(Exercise description):
Write out nothing except the lines of the entries below, from the first through the one containing "AV Cable Adapter –", exactly and without pictures.

(Excerpted data):
'''

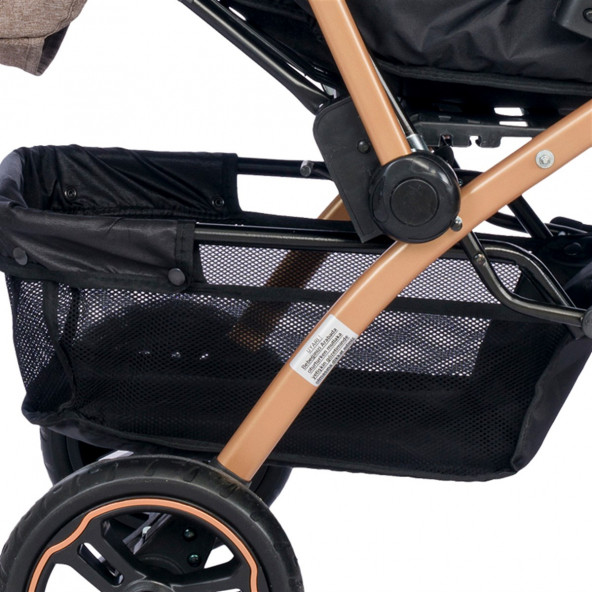 4 Baby Ab350 Active Plus Çift Yönlü Bebek Arabası Kahverengi - 6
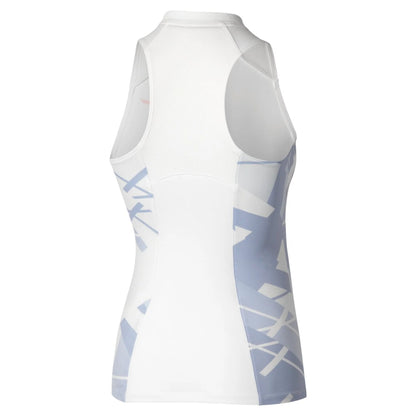 Mizuno - W. DB Printed Tank White/Icelandic Blue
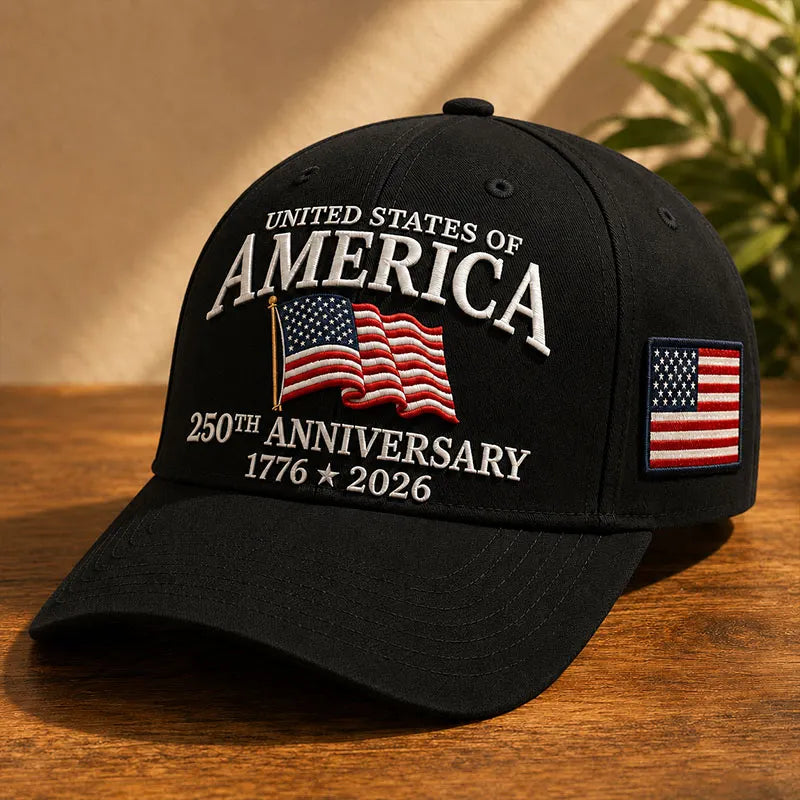 America 250th Anniversary Flag Baseball Cap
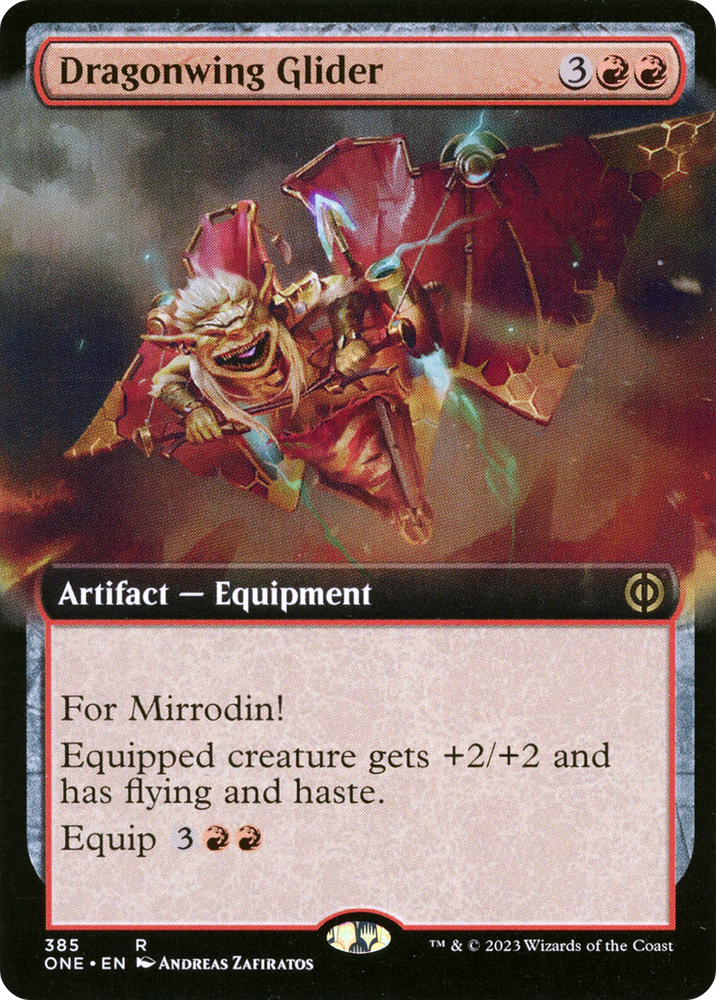 Dragonwing Glider Extended Art Magic: The Gathering trading card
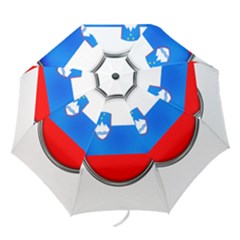 Slovenia Flag Mountains Country Folding Umbrellas by Nexatart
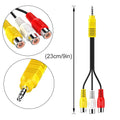 AV Cable Adapter – Audio Video Cord for TV, Set-Top Box & Player AV Cable Adapter Axl Yellow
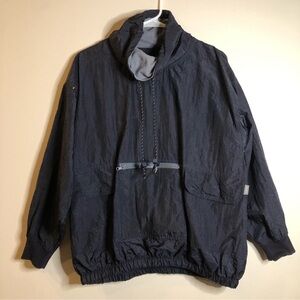 Vintage Esprit Black Windbreaker Jacket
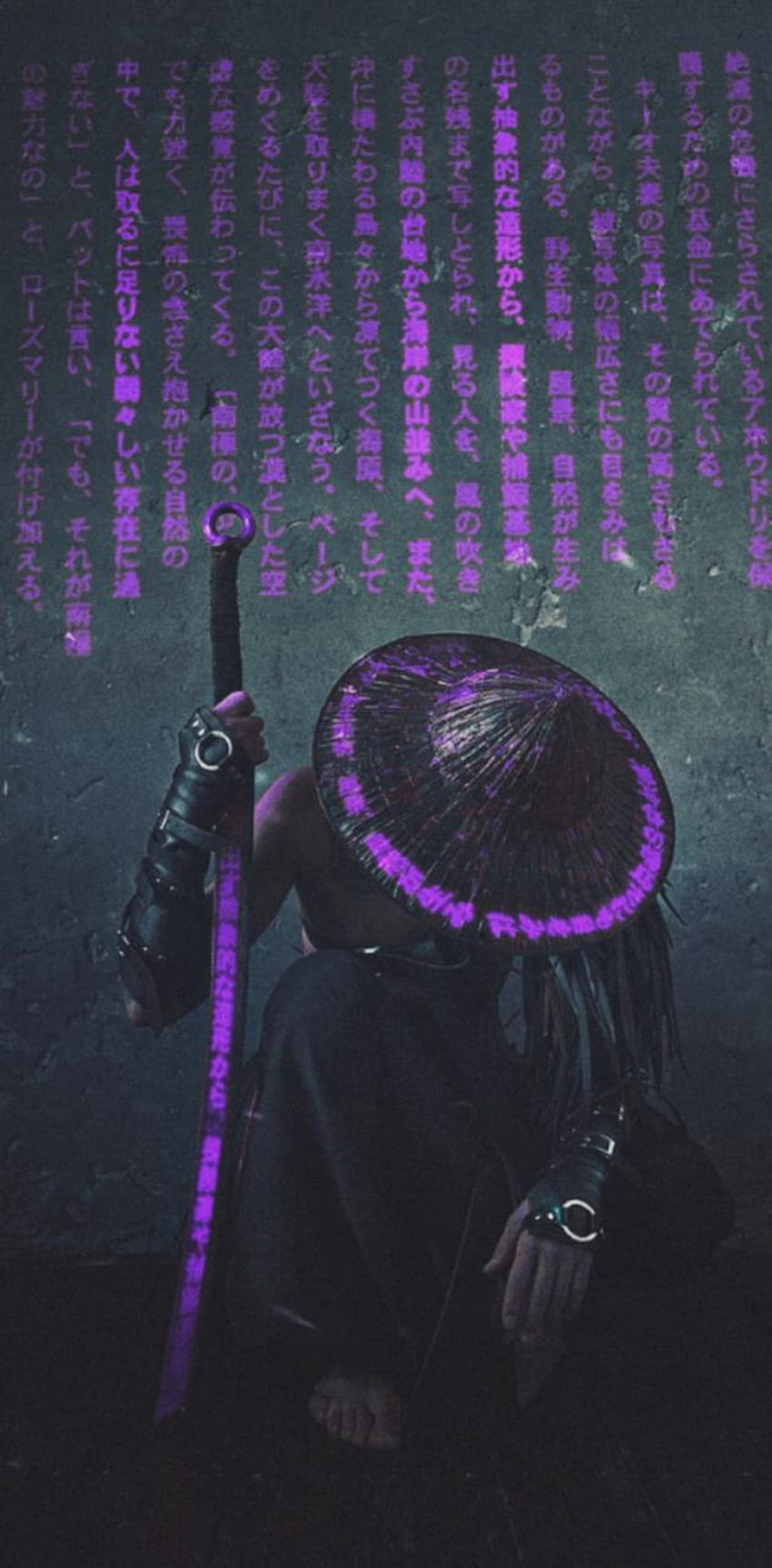 Samurai IN Purple de Piscesko, samouraï violet Fond d'écran de téléphone HD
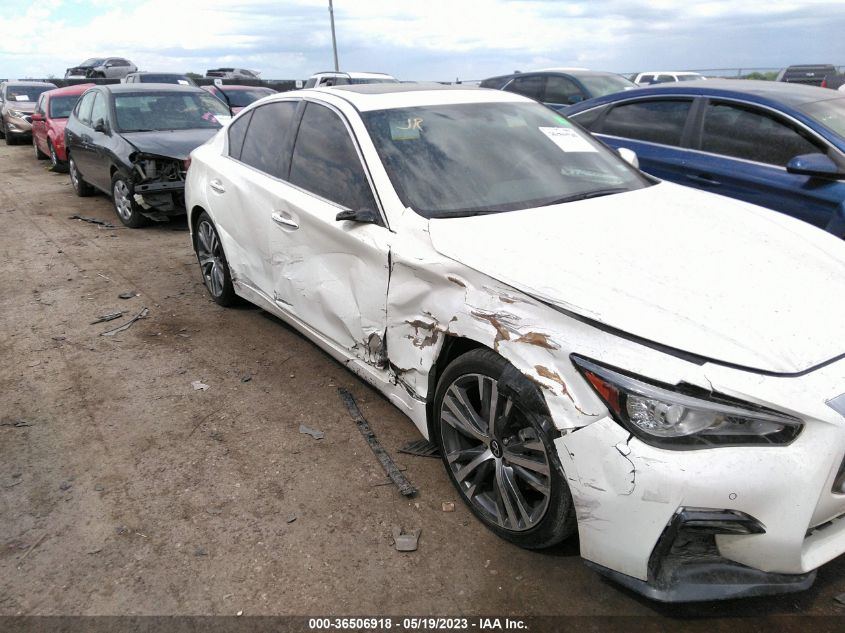 2021 INFINITI Q50 3.0T SENSORY - JN1EV7CP0MM706346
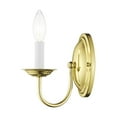 thumbnail image 2 of Livex Lighting Wall Sconce in Polished Brass, 2 of 10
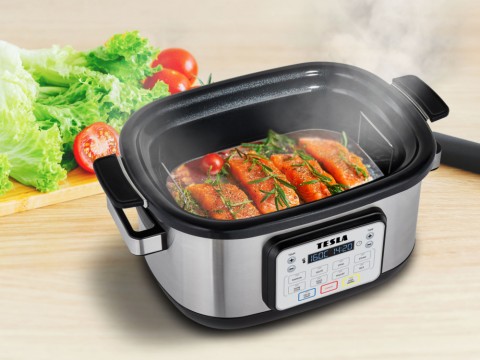 TESLA MultiCook M80 Deluxe Multifunkciós elektromos főzőedény 6 literes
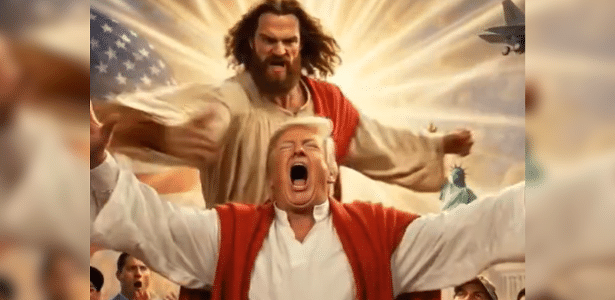 Vídeo de IA com Jesus ataca Trump e vira crise diplomática 🔥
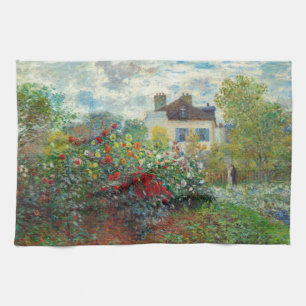 Claude Monet - The Artist's Garden in Argenteuil Tea Towel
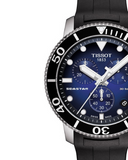 Buy Shop Tissot Seastar 1000 Chronograph Blue Dial Black Rubber Strap Watch For Men - T120.417.17.041.00 USA Online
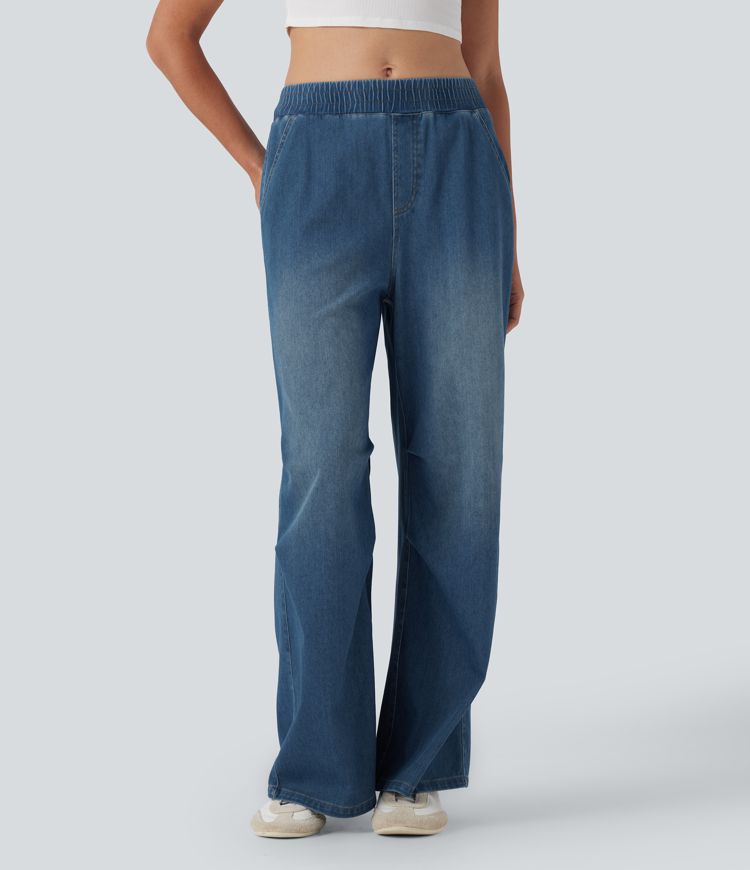 Halara Flex™ Mid Rise Casual Baggy JoggerJeans with Pockets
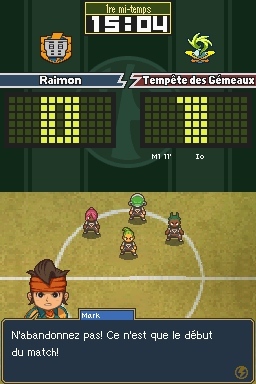 Pantallazo de Inazuma Eleven 2: Ventisca Eterna para Nintendo DS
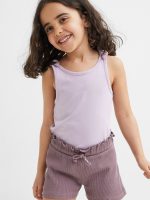 22U2-036 H&M 2-piece Set with Cotton Tank Top and Shorts - Đồ bộ cho bé gái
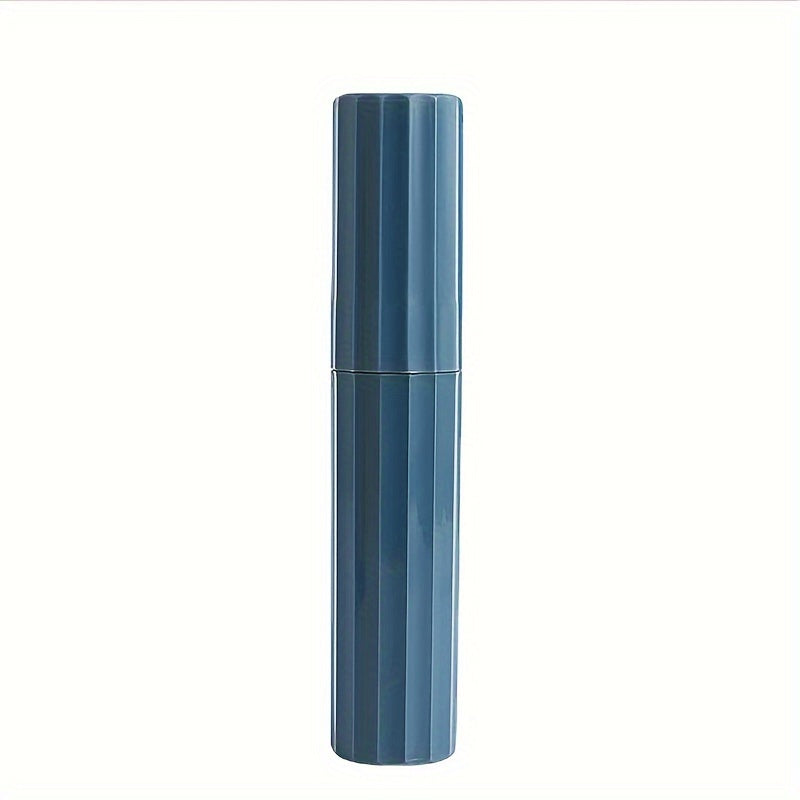Thick Striped Travel Wash Cup Set Portable Toothbrush Holder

'''

(Exercise result):
 4 Baby Ab350 Active Plus Çift Yönlü Bebek Arabası Kahverengi - 6
 Mizuno - W. DB Printed Tank White/Icelandic Blue
 America 250th Anniversary Flag Baseball Cap
 Dragonwing Glider Extended Art Magic: The Gathering trading card
 Slovenia Flag Mountains Country Folding Umbrellas by Nexatart
 AV Cable Adapter – Audio Video Cord for TV, Set-Top Box & Player AV Cable Adapter Axl Yellow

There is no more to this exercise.